**Task statement**
Starting at the line that contains "Bath Bliss Paquete", write out every line through the end of the records below exactly as it appears, and leave out all pictures.

*** Data for this exercise Section Begins ***

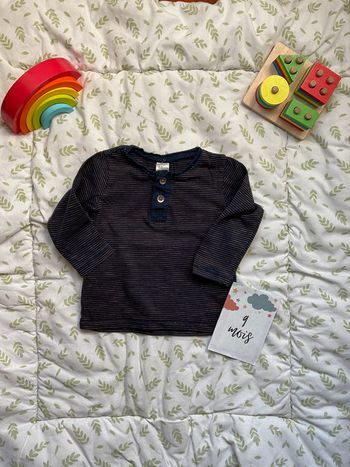teeshirt manches longues marine rayé marron H&M 9/12 mois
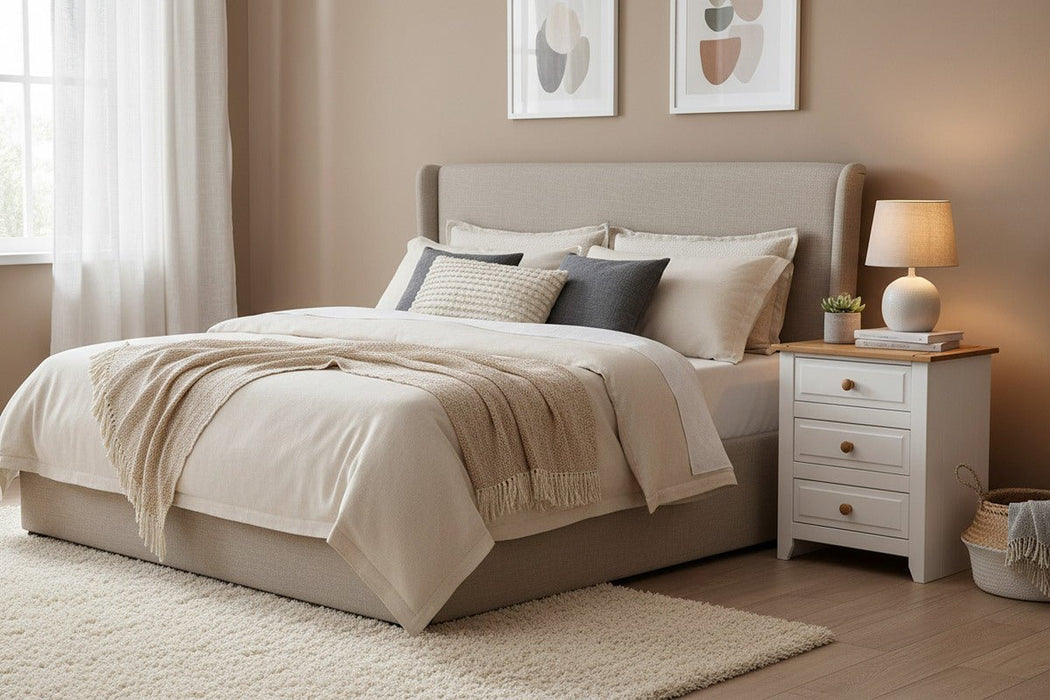 Capri Arctic White and Pine 3 Drawer Bedside Table - Luminex FurnitureBedside TableCP310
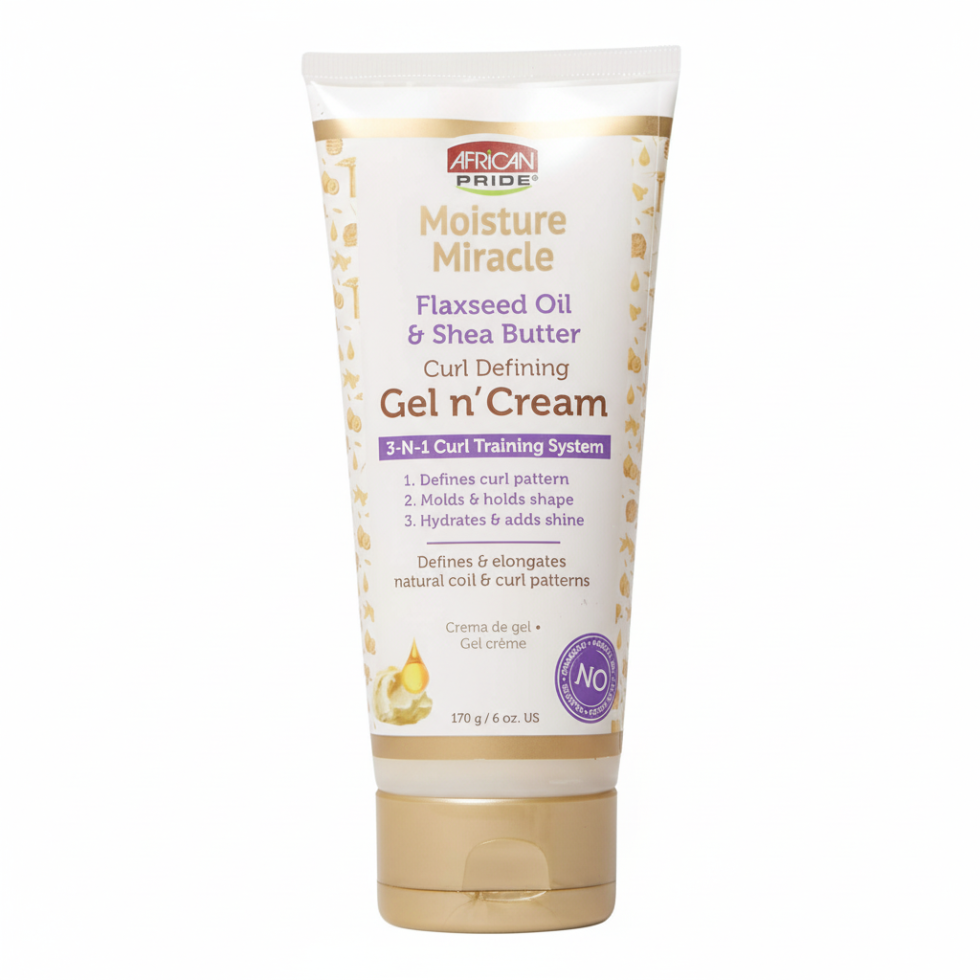 African Pride moisture miracle gel n cream for hydrated defined frizz-free soft shiny healthy-looking natural curls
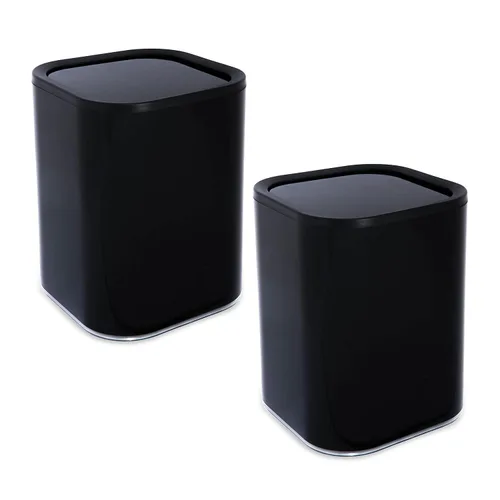 Bath Bliss Paquete de 2 cubos de basura acrílicos de 8 L | Dimensiones: 7.5 x 7.5 x 10 pulgadas | Blanco | Contemporáneo | Tapa oscilante | 8 litros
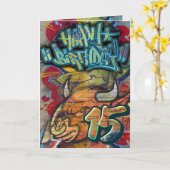 Carte d'anniversaire 15e (Fleur jaune)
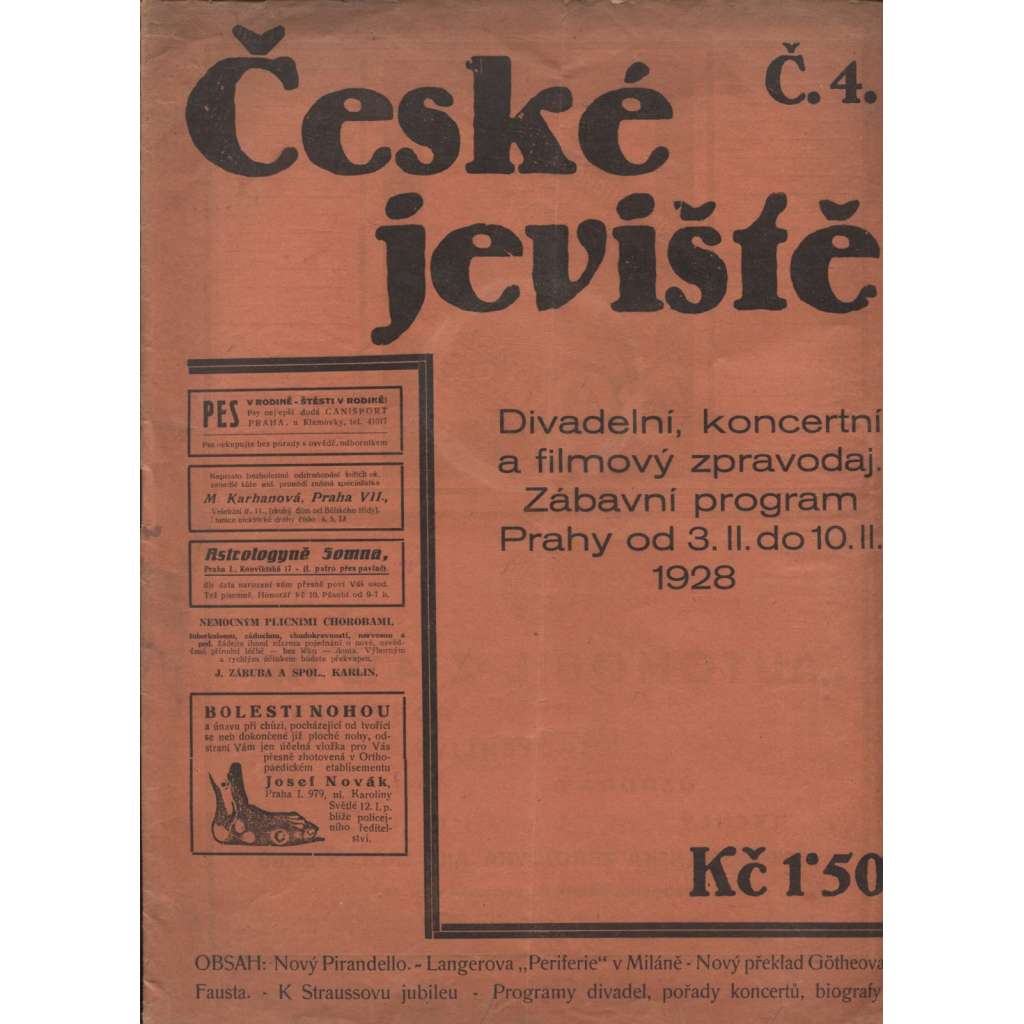 České jeviště, číslo 4/1928. Divadelní, koncertní a filmový zpravodaj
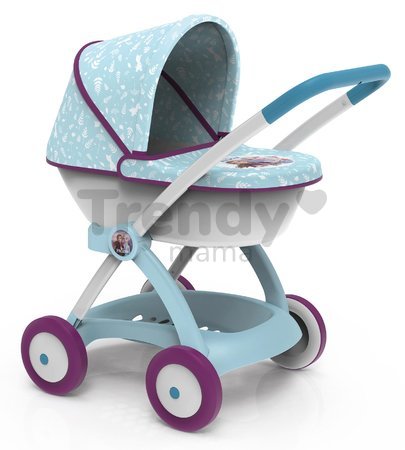 Kočík hlboký Ľadové Kráľovstvo Frozen Pram Smoby pre 42 cm bábiku s pohyblivou strieškou výška rúčky 58 cm od 18 mes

*** Data for this exercise Section Ends ***

**Response to the exercise**
 Bath Bliss Paquete de 2 cubos de basura acrílicos de 8 L | Dimensiones: 7.5 x 7.5 x 10 pulgadas | Blanco | Contemporáneo | Tapa oscilante | 8 litros
 Carte d'anniversaire 15e (Fleur jaune)
 České jeviště, číslo 4/1928. Divadelní, koncertní a filmový zpravodaj
 Kočík hlboký Ľadové Kráľovstvo Frozen Pram Smoby pre 42 cm bábiku s pohyblivou strieškou výška rúčky 58 cm od 18 mes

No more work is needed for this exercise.